_DATA FOR PROCESSING_:
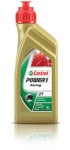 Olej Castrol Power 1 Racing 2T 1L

==

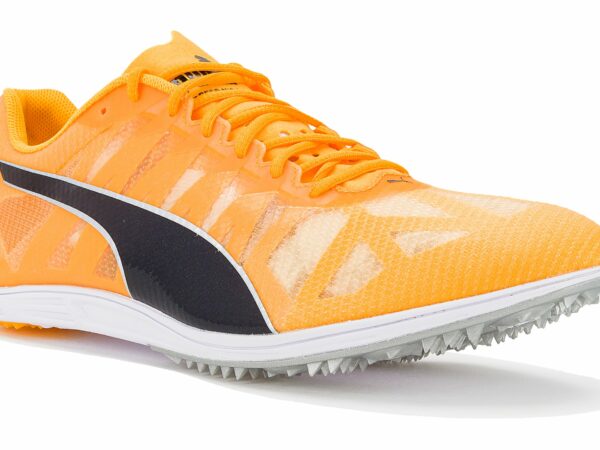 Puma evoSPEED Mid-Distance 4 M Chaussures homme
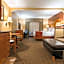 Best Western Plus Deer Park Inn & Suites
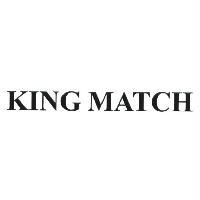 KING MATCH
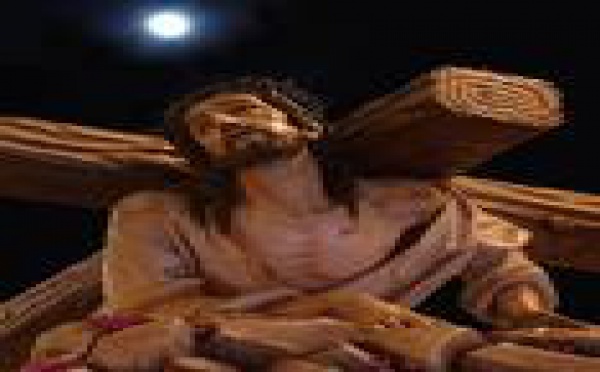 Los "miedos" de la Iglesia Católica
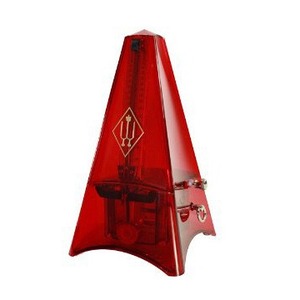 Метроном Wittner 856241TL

* * *

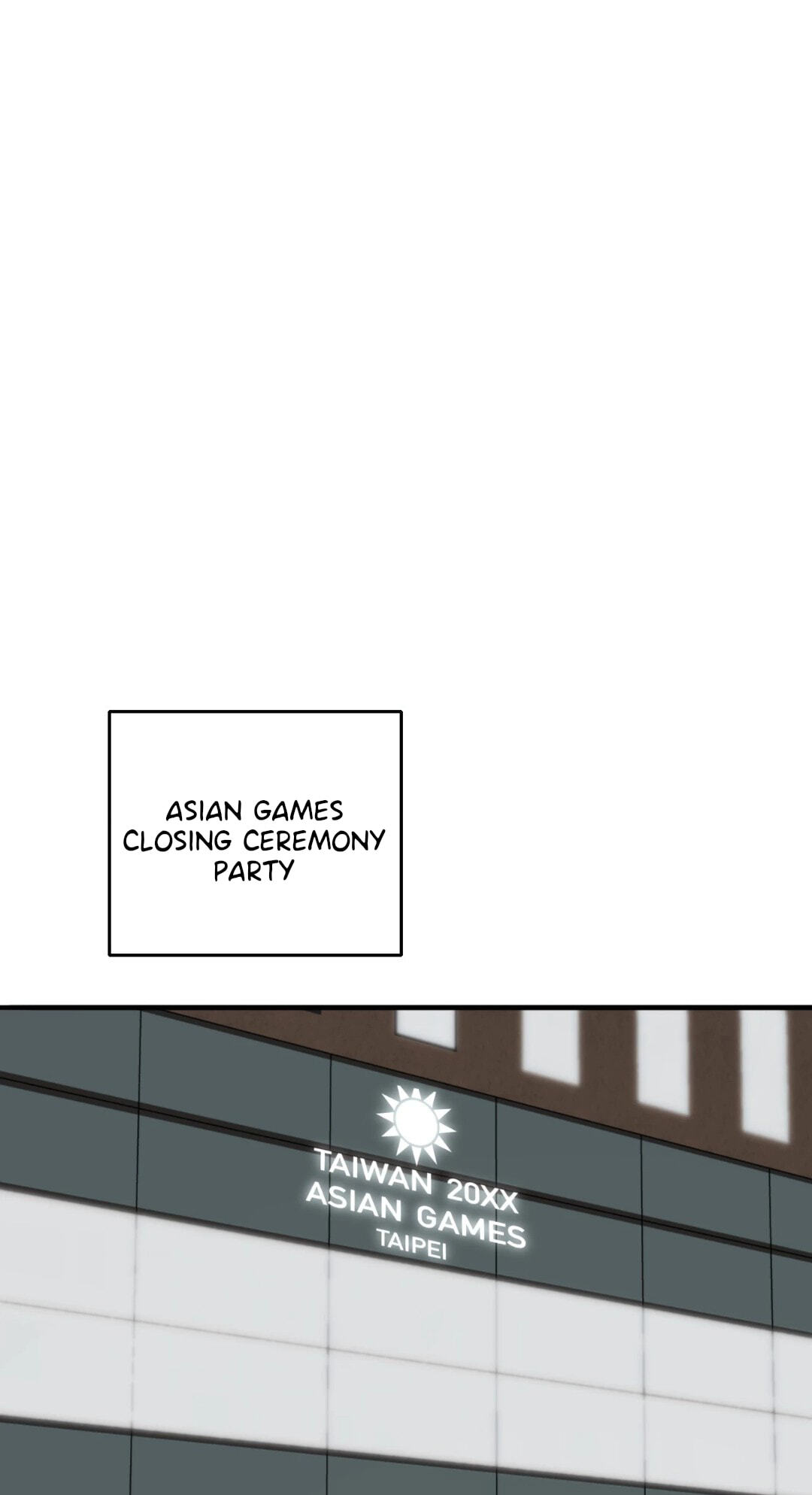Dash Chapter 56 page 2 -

_INSTRUCTIONS FOR THE TASK_: Using the data above, which lines fall from the one with "Best Western Plus Deer Park Inn & Suites" through the one with "Метроном Wittner 856241TL"? Repeat them exactly, ends included, minus any pictures.

_RESULT OF THIS EXERCISE_:
 Best Western Plus Deer Park Inn & Suites
 KING MATCH
 Los "miedos" de la Iglesia Católica
 Метроном Wittner 856241TL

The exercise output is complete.